Has anyone tried the Hyper Stick from Lake Fork tackle yet? I saw them on a fishing show over the weekend and was curious what everyone thought of the design, positive or negative.

https://www.lftlures.com/categories/soft-plastics-lft-hyper-stick-5


----------



## russ010 (Jan 18, 2011)

I saw the same show... I dunno about that. But I've got the Hyper Worm and have done pretty well with it.


----------



## Jim (Jan 21, 2011)

Never seen those before! I wonder how durable they are? You think they will rip apart easy?


----------



## LonLB (Jan 21, 2011)

Jim said:


> Never seen those before! I wonder how durable they are? You think they will rip apart easy?




That's what I thought too....Plastics get expensive enough as it is.

Maybe they are made of ElaZtec or something?


----------



## Captain Ahab (Jan 21, 2011)

The other Lake Fork plastics are relatively durable. I have used the Live Magic Shad and liked it so much I got a mold to make my own


----------



## Jim (Jan 21, 2011)

Captain Ahab said:


> I have used the Live Magic Shad and liked it so much I got a mold to make my own


 :-


----------



## dyeguy1212 (Jan 22, 2011)

I've never really been into those hybrid stick baits. If I want action, there are plenty of worms that fit the bill. But if I'm throwing a stick bait, I want it be a stick! :lol:


----------



## fender66 (Jan 28, 2011)

I love watching the creative ideas that companies are coming up with. Some are very cool, some......well.....

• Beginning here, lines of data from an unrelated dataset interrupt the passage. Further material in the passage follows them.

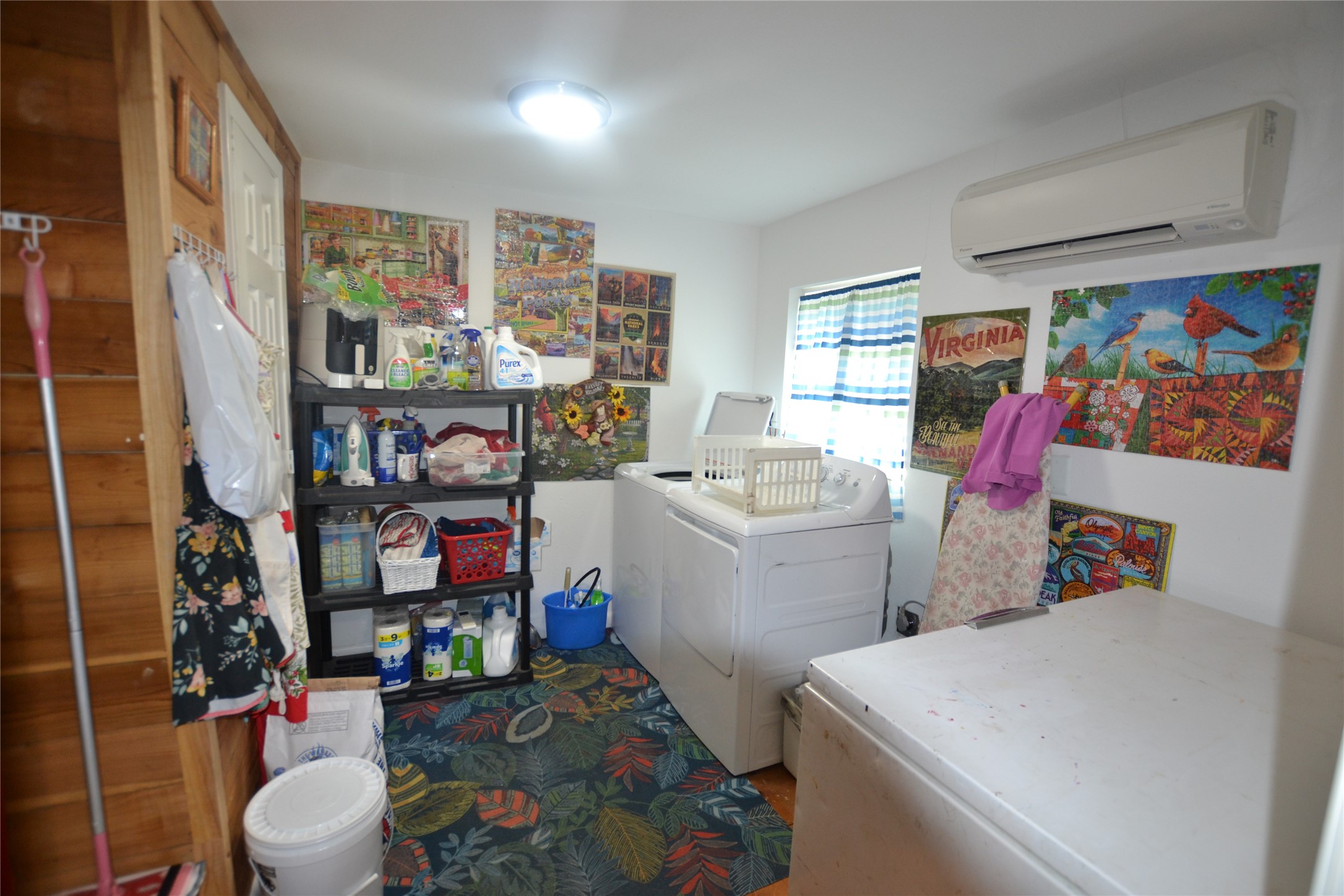 458 Rain Forest Road Onalaska, TX 77360 - Photo 10 of 25 a room with storage and utility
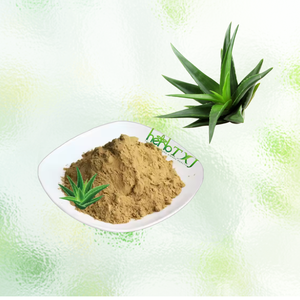 天然アロエベラ抽出物90% アロインパウダー無料サンプル - Product Image 1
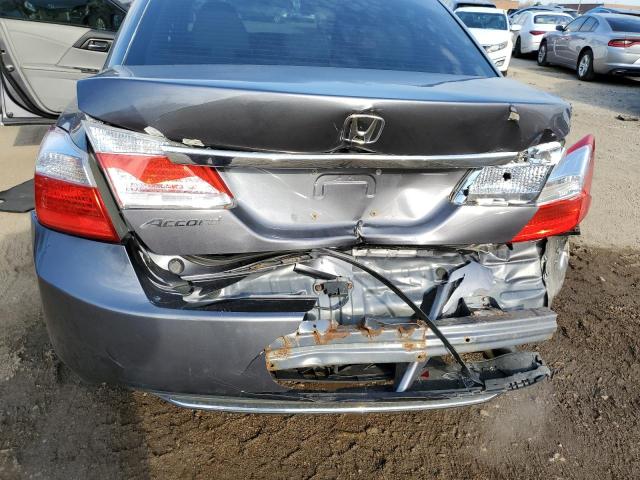 Photo 9 from auction – 2014 HONDA ACCORD EX with VIN 1HGCR2F73EA299442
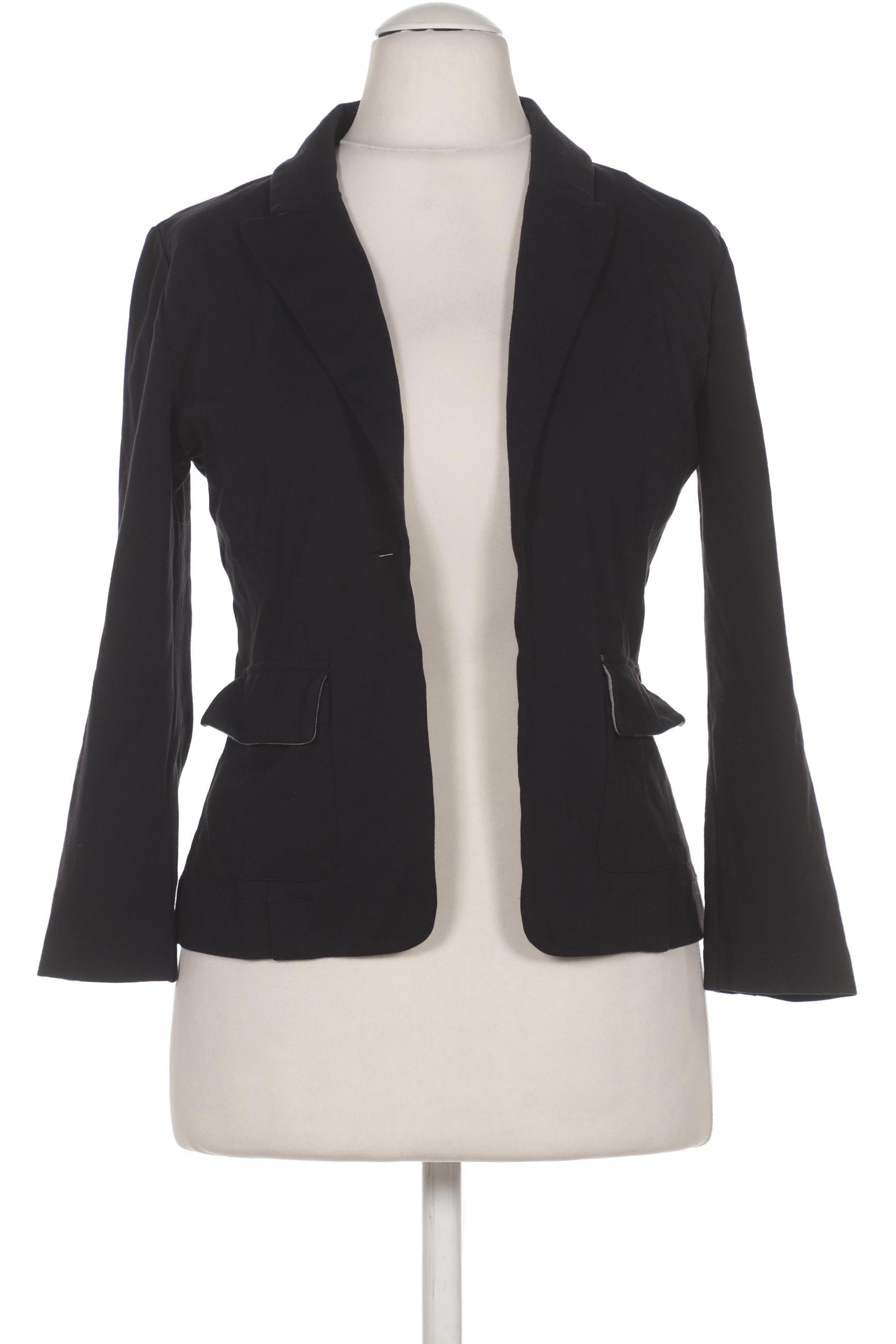 

Oui Damen Blazer, marineblau, Gr. 36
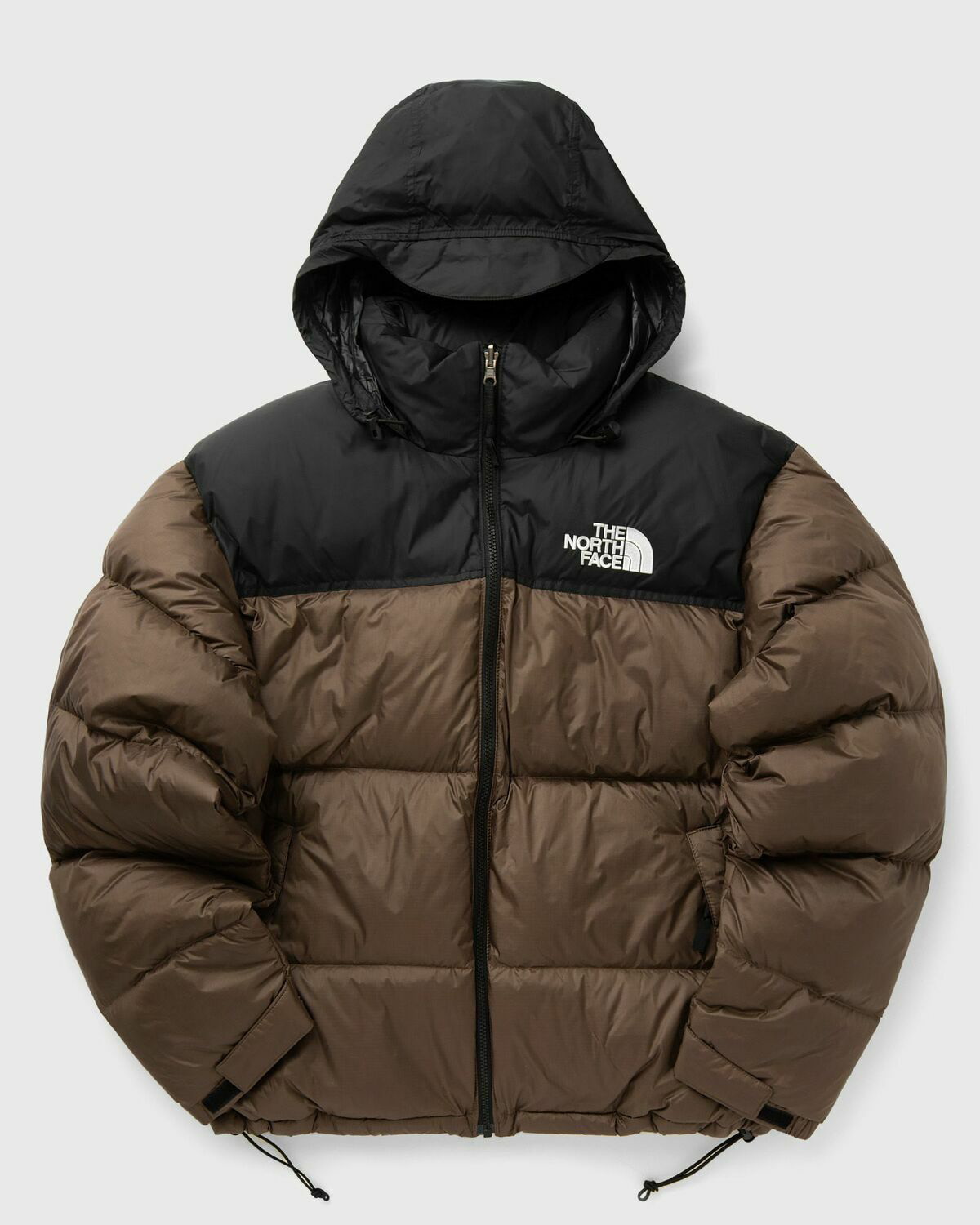 The North Face 1996 Retro Nuptse Jacket Brown Down & Puffer The North Face 1996 Retro Nuptse Jacket Brown Down & Puffer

Before long, we won't need to tie the worm on our line. Just throw it in the water and it will retrieve itself back to the boat with a lunker. :LOL2:


----------



## russ010 (Jan 28, 2011)

fender66 said:


> I love watching the creative ideas that companies are coming up with. Some are very cool, some......well.....
> 
> Before long, we won't need to tie the worm on our line. Just throw it in the water and it will retrieve itself back to the boat with a lunker. :LOL2:



I think they will have a built in sonar that will allow them to swim to where the fish are and tick the fish off enough to where it bites


----------



## fender66 (Jan 28, 2011)

russ010 said:


> fender66 said:
> 
> 
> > I love watching the creative ideas that companies are coming up with. Some are very cool, some......well.....
> ...



Na na na na na.....you can't catch me.... :shock:


----------